Beyond advanced provision, mifepristone has the potential to shift the post-Roe paradigm more fundamentally. Several clinical trials suggest that this medication—at a smaller dosage—is effective at safely preventing pregnancy and can be used as a new, more flexible contraceptive. Unlike the familiar oral contraceptive (OC), mifepristone would require only one pill a week to prevent pregnancy. Moreover, it could be used as an on-demand drug, taken only in those weeks when sexual activity of the kind that could lead to a pregnancy is anticipated. Importantly, mifepristone does not have the estrogen-related side effects of other hormonal contraceptive options. For those with contraindication to the combined oral contraceptive pill—such as women who have or are at increased risk of breast or endometrial cancer, heart disease, hypertension, and deep vein thromboembolism—mifepristone could provide an alternative. As a generic drug, mifepristone is cheap to produce and would be an affordable contraceptive to individuals and health systems across the globe.

However, precisely because mifepristone is not patented and is cheap to manufacture, there has not been much interest in research investments from pharmaceutical companies. While early trials are promising and suggest this medication is indeed safe and effective, a larger trial is required to register mifepristone with the major drug agencies. Women on Web is currently preparing to undertake this research and has taken advice from the European Medicine Agency (EMA) to design a trial that would meet the requirements to register mifepristone as a contraceptive in Europe. All the necessary permissions and collaborators are in place; funding applications as well as crowdfunding are underway. If the required funding can be found and the study results are as favorable as in the smaller trials, the registration of mifepristone as a contraceptive could be a reality within several years.
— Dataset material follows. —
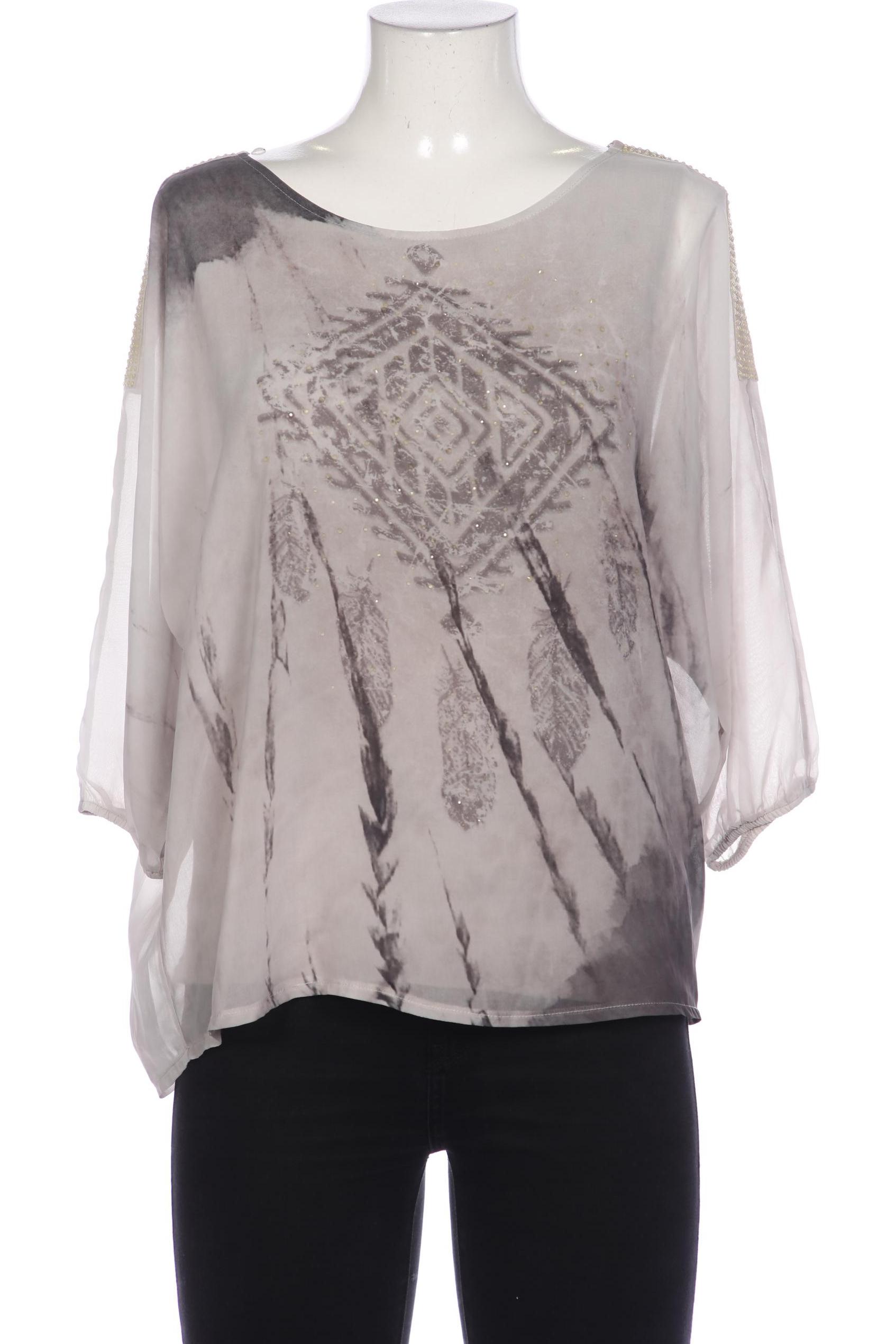

monari Damen Bluse, grau, Gr. 38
Importantly, beyond providing a new contraceptive option, this use of mifepristone could usher in a more fundamental paradigmatic shift in reproductive freedom. Women could control their reproductive function both before and after sexual encounters using the same pill. When the management of fertility by women who do not wish to have (additional) children makes use of the same medication both before and after sex, mifepristone can reconfigure the way in which people conceptualize and approach their reproductive potential. When, as in the post-Roe moment in the United States, the criminalization of abortion puts women under increased scrutiny after a pregnancy test, the proposed use of mifepristone may destabilize the politicised distinction between pregnant and non-pregnant states. Because mifepristone enables a situation in which women could use the same pill whether or not they are pregnant, it presents a means of critically responding to the laws that rely on this distinction to control women’s reproductive agency.

The potential of mifepristone to place firmly in the hands of women the power to avoid or to end a pregnancy is especially powerful at a time of tightening restrictions, waning privacy, and intensifying surveillance. In the face of restrictive laws, structural reconfigurations of both the distribution and the conceptualization of the means of reproductive control are within reach. Our hands hold a more hopeful future for the generations to come.


Notes

[1] According to the Guttmacher Institute, 930,160 abortions were overseen by a clinician in the United States in 2020. These numbers reflect an estimation based on a census among all known US facilities providing abortion services, but do not account for self-managed abortions.